REQUIRED ACTION - In the material below, find every line containing "view" and copy that line.

↓

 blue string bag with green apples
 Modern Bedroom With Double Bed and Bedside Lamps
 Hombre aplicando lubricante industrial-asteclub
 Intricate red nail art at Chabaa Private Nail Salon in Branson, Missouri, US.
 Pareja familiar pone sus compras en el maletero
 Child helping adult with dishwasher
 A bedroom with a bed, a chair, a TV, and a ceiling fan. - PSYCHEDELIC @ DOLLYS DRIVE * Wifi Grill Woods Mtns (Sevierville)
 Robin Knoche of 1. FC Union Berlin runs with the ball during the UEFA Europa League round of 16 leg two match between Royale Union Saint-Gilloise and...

↑
↓

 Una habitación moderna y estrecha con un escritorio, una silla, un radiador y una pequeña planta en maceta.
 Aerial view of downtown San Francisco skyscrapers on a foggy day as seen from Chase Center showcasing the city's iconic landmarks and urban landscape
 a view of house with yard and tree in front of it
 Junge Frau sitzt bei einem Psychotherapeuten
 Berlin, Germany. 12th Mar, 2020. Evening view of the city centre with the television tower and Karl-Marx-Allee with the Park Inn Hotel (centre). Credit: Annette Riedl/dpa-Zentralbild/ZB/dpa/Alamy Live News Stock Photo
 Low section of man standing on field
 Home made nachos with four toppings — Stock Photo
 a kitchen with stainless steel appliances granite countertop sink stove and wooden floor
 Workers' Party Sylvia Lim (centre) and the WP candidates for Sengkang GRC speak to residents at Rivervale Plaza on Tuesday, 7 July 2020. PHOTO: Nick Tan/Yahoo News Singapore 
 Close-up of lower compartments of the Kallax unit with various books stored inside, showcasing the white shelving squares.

↑

WRITTEN ANSWER -
 Aerial view of downtown San Francisco skyscrapers on a foggy day as seen from Chase Center showcasing the city's iconic landmarks and urban landscape
 a view of house with yard and tree in front of it
 Berlin, Germany. 12th Mar, 2020. Evening view of the city centre with the television tower and Karl-Marx-Allee with the Park Inn Hotel (centre). Credit: Annette Riedl/dpa-Zentralbild/ZB/dpa/Alamy Live News Stock Photo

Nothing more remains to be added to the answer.